En Barrefondo, Félix Bruzzone intenta huir de la conversación naturalista y de clase media para internarse en las oscuras pulsiones y el lunfardo delirante de Tavo y Yuyo, dos limpiadores de piletas de natación que se sospechan seducidos por una rubia burguesa.
Tavo sabe que la rubia quiere. Lo que pasa es que la mujer y ese hijo bobo que tiene, el de la silla de ruedas, no paran de amasarle el ombligo; y el suegro: ese le llena el mate con pitos y conejitos de Pascua.
Hay cosas raras en el cuento, atractivas, como el nombre del contratista al que los pileteros llaman Rey de Reyes y también hasta puede que haya un asesinato que a los protagonistas les pasa inadvertido por la calentura con la rubia. Al final el Tavo descarga su bronca pegándole a unos perros que van detrás de una perra en celo. Es una simetría fácil, espesa y poco afortunada. Pero el cuento de Bruzzone es lo suficientemente brutal como para no pasar inadvertido.

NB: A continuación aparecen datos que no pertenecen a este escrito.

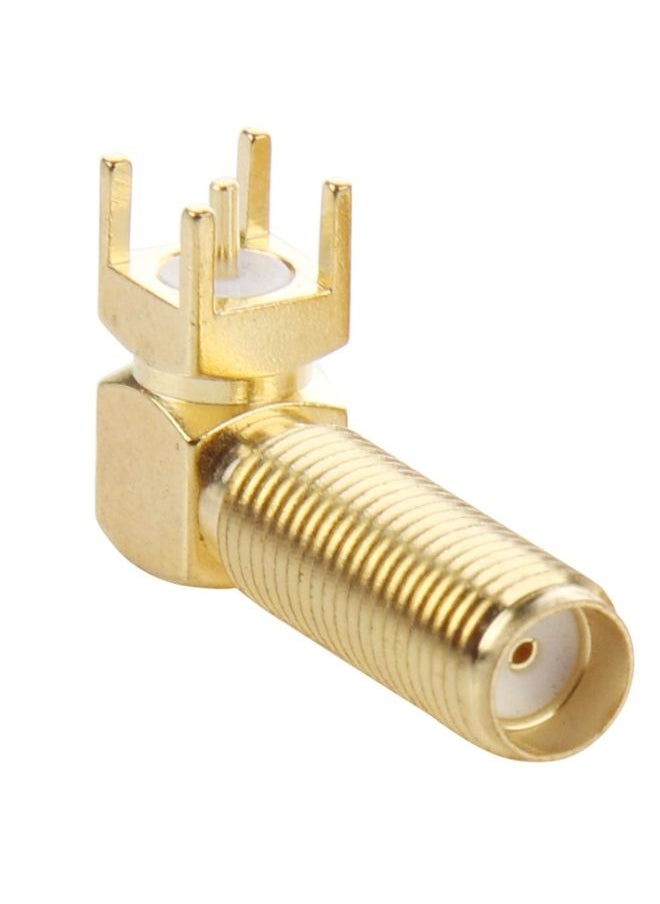 10 PCS Gold Plated SMA Female Right Angle 90 Degrees Panel PCB Mount 4.0mm Square Connector Adapter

En cambio, lo del cordobés Hernán Arias (con Suárez, los únicos provincianos) es un problema. Los empleados es otra de las piezas sutiles de Arias, que parecen fragmentos de algo más complejo, de un mundo del que la escritura sólo deja ver tenues señales. En Los empleados hay una pareja, hasta es posible que haya sexo, pero esa prosa que habla de lo ralo y misterioso parece incompatible con un libro que tiene dos chanchos cogiendo en la portada.
Y eso fue todo. Esta vez la reseña resultó más corta que el libro.